Background information
- Genres: Psychobilly, rockabilly
- Label: Wolverine Records
- Members: Kubi - Vocals-Upright bass Rakow - guitar Gordian - drums
- Website: www.ripmen.de

= Ripmen =

German psychobilly/Rockabilly group

Ripmen is a German psychobilly/Rockabilly group that began in 1995.

==History==
Founded in the mid-1990s by Kubi, Rakow and Wachi. They were schoolmates but there was no deep relationship except sitting in the same classroom. Somehow, psychobilly caught them and they met again and again at various psychobilly concerts and festivals in the early 1990s. They had always talked about their plans of founding a band. The original line-up was Wachi on drums, Rakow on guitar and Kubi on guitar. In early 1999 Kubi bought a doublebass and slapped the bass from this day on. Another half year later they had their first set and their first gig on a wedding party of a friended couple calling themselves "The Ripmen" (further gigs had been under different names).

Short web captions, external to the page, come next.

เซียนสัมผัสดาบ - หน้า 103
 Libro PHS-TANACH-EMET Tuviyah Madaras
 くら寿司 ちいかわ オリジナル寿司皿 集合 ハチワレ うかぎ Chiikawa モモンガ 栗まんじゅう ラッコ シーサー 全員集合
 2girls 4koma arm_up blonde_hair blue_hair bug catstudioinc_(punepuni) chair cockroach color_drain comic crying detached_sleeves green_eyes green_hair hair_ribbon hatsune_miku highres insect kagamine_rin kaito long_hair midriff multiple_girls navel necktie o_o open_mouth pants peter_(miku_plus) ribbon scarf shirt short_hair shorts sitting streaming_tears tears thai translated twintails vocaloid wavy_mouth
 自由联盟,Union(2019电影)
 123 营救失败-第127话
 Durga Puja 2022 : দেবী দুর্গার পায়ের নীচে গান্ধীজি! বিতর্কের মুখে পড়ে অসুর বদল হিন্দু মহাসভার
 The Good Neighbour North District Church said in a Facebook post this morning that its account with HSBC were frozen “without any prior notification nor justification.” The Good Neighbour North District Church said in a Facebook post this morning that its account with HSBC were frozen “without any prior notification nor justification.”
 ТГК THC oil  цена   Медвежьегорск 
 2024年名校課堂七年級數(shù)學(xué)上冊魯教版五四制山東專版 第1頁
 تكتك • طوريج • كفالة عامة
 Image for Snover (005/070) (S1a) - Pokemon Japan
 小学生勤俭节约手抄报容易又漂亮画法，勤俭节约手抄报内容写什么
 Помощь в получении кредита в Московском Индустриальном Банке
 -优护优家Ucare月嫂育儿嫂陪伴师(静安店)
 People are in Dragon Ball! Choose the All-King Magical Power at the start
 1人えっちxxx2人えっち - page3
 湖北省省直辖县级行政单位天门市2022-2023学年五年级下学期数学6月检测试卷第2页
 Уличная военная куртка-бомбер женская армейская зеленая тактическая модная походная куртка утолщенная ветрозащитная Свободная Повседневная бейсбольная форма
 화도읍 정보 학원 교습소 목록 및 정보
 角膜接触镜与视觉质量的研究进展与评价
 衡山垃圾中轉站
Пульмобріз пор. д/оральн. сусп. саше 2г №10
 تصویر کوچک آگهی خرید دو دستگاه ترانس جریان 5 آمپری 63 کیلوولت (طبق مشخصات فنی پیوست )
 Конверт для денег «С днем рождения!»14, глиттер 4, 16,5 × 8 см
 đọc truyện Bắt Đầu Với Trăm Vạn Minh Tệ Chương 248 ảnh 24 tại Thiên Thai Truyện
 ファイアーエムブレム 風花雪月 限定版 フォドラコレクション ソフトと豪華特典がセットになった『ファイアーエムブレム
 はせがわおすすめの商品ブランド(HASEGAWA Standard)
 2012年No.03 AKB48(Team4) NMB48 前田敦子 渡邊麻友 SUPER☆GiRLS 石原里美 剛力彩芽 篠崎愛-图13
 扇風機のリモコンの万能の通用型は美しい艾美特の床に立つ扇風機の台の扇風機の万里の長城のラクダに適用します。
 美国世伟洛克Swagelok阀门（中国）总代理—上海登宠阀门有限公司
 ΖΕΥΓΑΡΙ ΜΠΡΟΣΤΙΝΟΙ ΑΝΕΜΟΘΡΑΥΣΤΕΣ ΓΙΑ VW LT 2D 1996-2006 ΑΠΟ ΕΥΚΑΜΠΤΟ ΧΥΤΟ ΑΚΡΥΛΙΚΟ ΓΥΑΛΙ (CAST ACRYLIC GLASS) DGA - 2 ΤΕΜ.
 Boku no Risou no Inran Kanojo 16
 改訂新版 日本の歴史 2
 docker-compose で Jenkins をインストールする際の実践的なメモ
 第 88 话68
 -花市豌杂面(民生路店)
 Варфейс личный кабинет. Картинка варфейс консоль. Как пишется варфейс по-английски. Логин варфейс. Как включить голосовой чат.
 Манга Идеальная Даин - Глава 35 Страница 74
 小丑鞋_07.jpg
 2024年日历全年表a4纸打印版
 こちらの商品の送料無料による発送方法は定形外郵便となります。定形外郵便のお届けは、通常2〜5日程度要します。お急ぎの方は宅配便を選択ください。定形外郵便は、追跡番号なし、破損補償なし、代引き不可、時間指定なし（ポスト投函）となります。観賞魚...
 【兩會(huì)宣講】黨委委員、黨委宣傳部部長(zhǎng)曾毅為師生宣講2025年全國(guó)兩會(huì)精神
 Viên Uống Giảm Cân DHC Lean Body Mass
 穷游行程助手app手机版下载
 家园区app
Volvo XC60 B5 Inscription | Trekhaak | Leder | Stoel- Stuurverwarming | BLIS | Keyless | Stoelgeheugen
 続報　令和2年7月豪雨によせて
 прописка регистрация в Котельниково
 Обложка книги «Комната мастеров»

In October 1999, Wachi died after falling from a skyscraper. They lost their drummer but only two months after Wachi's death they found a new drummer called Gordian by putting an announcement into a newspaper. Gordian joined the band in early 2000. Rapidly he learned the songs and they created a lot of new songs. That was the point when Ripmen really started. In April 2000, they went to the Octosound Studio in Berlin where they recorded the five-track demo "With Love From Beyond". They got a great response on that recording and sent it to Crazy Love Records, obtaining their first record deal. The first album, Party With the Dead, was released in summer 2001 and it nearly sold out. After playing various shows with most of the biggest bands in the psychobilly-scene (such as Mad Sin, Demented Are Go!, Frenzy, Long Tall Texans, Gorilla, Nekromantix, The Meteors and many more) they recorded their second album, Terror of the Beagle Boys, which was released in mid 2004. This LP was promoted at a lot of shows, including on a US tour incorporating dates in Los Angeles, and San Francisco.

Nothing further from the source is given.